Unter dem Motto „Vielfalt leben – Wochen der Bildung und Weiterbildung für Chancengerechtigkeit und Vielfalt“ möchte das Haus der Kulturen zu einem besseren Miteinander beitragen. Die jährlich wiederkehrende Veranstaltungsreihe wird bundesweit ausgerichtet. Das Haus der Kulturen in Lübeck ist nun bereits zum vierten Mal dabei.

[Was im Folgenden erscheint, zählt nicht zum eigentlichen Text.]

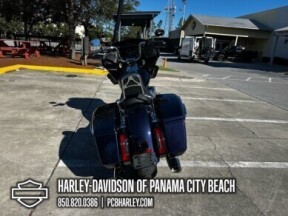 2025 Harley-Davidson® Road Glide™ thumb 2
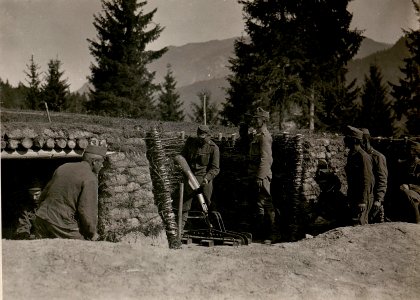Mittlerer Granatwerfer im Schützengraben (Obere-Fellach.) (BildID 15799286)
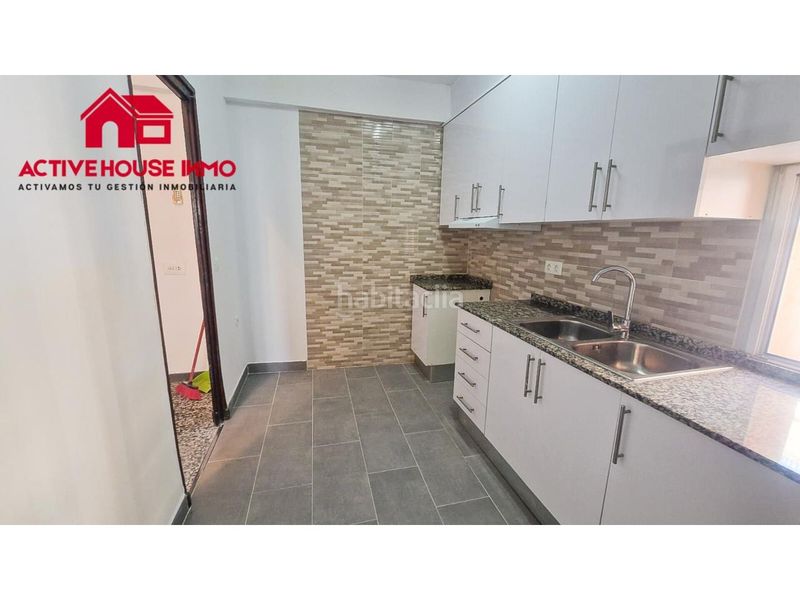 Foto c8be1084-ed65-4b31-a1ff-a64d360d8112. Casa a Centre La Ràpita
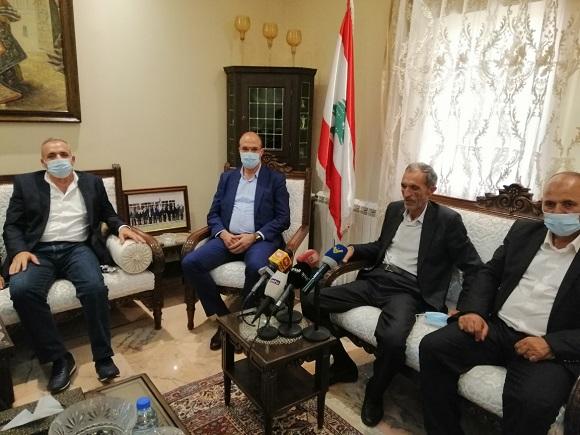 Minister Hasan Meets with a Delegation from Akroum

„Man bekommt von vielen Seiten mit, dass es Probleme gibt. Dass Leute Angst haben vor den Einwanderungswellen“, sagt Ilhan Isözen, Leiter der Interkulturellen Bildungsstätte. „Ängste schützen uns aber nicht vor schlimmen Entwicklungen – deshalb ist so wichtig, dass wir uns bewusst mit dem Thema Zuwanderung befassen.“ Mit den verschiedenen Angeboten möchte Isözen gegensteuern: „Wir wollen diese Vielfalt – und wir wollen vor allem die Spaltung der Gesellschaft verhindern.“

Den Auftakt feiert die Veranstaltungsreihe am Mittwoch, 8. Mai, um 17 Uhr mit einem Runden Sprachtisch, der einen Austausch und eine Reflexion über das Dolmetschen als Profession eröffnen soll. „Die Demokratie, in der wir leben, ist auch hier im hohen Maße angegriffen. Menschen werden ganz schnell abgestempelt. Und genau gegen diese Form der Minderheiten wollen wir uns hier einsetzen“, betont Isözen.